(What to do) Starting at the line that has "Cover of The Essential Stephen King" and stopping after the line that has "ONLY Brighton ärmelloses Langes Kleid", reproduce the listing below exactly; omit everything else.

(Raw data)
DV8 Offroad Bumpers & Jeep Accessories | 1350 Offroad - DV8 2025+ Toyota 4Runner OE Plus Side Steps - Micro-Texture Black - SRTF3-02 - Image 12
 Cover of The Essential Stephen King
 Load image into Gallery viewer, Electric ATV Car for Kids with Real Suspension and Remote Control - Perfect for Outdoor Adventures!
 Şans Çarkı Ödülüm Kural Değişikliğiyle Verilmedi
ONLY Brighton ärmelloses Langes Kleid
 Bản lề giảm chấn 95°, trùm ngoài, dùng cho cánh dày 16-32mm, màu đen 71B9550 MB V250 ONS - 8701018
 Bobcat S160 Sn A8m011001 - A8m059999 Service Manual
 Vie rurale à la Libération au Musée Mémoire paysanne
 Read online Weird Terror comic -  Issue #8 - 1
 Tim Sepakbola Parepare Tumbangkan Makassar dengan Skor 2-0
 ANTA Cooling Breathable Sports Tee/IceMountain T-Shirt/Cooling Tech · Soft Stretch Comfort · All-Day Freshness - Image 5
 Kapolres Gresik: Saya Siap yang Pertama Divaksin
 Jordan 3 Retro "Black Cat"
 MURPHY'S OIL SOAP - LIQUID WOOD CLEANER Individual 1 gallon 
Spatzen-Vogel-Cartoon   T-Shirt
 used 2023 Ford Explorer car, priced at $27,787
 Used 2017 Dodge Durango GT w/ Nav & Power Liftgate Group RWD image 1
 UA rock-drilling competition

(Exercise response)
 Cover of The Essential Stephen King
 Load image into Gallery viewer, Electric ATV Car for Kids with Real Suspension and Remote Control - Perfect for Outdoor Adventures!
 Şans Çarkı Ödülüm Kural Değişikliğiyle Verilmedi
ONLY Brighton ärmelloses Langes Kleid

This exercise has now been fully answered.